New Methods for Order n=4k+2 via Vertical Self-Complementarity and a Framework for Finding All Even-Order Magic Squares

Abstract

The discovery of analytical methods for constructing magic squares of order n=8t-2 is extremely rare. In this article, we present such a discovery. The magic squares generated have vertical symmetry and are numerous within the same order. The only drawback is that we were unable to discover a method for orders of the type n=8t+2. Most of the few existing methods for these orders require auxiliary magic squares, unlike ours, which is a straightforward method and can be better used in all branches of technology. Furthermore, these magic squares possess exceptional symmetry properties and, from the construction of one of them, many others (at least (n -2)!^n/2 ) of the same order are immediately obtained due to their vertical complementarities E = (e_{u, v} ) u, v ∈ I_n, e_{u, v} + e_u,n+1-v = n² + 1, for all u,v ∈ I_n ).

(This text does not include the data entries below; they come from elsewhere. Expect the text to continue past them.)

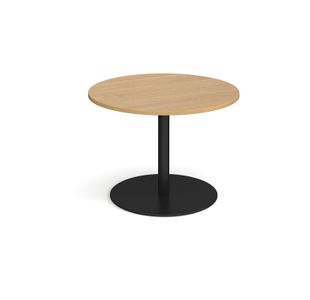 Eternal circular boardroom table 1000mm - black base, oak top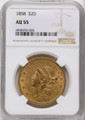 Bullionshark 1858 $20 Gold Liberty Double Eagle NGC AU55 - HAT508360001 
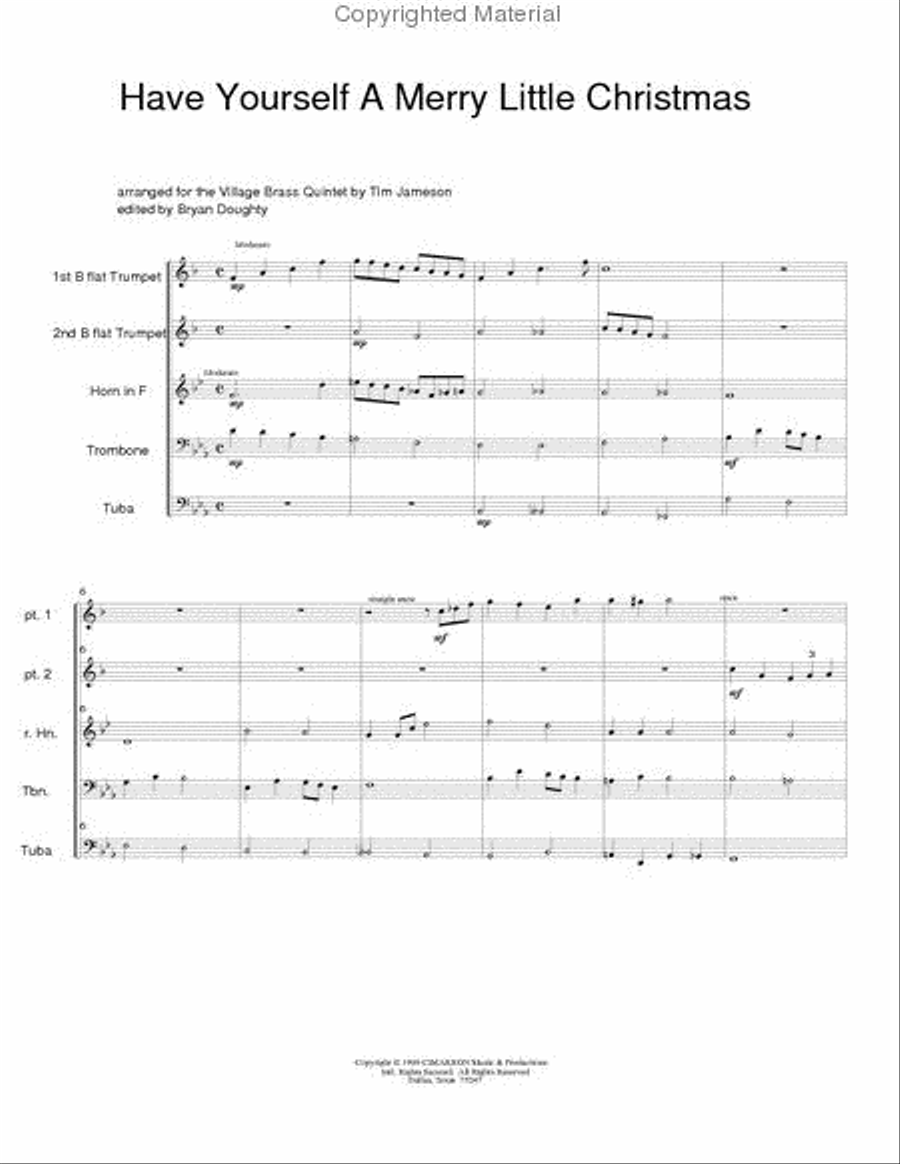 Have Yourself a Merry Christmas Brass Quintet scores gallery preview page 2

We also present analytical and algebraic algorithms for constructing a large number of magic squares for all remaining even orders. The abundance of magic squares constructed by the algorithms led us to establish a project for the construction of all magic squares of all even orders. We have established a mathematical theory of the joint magicization of the diagonals of semimagic squares of even orders.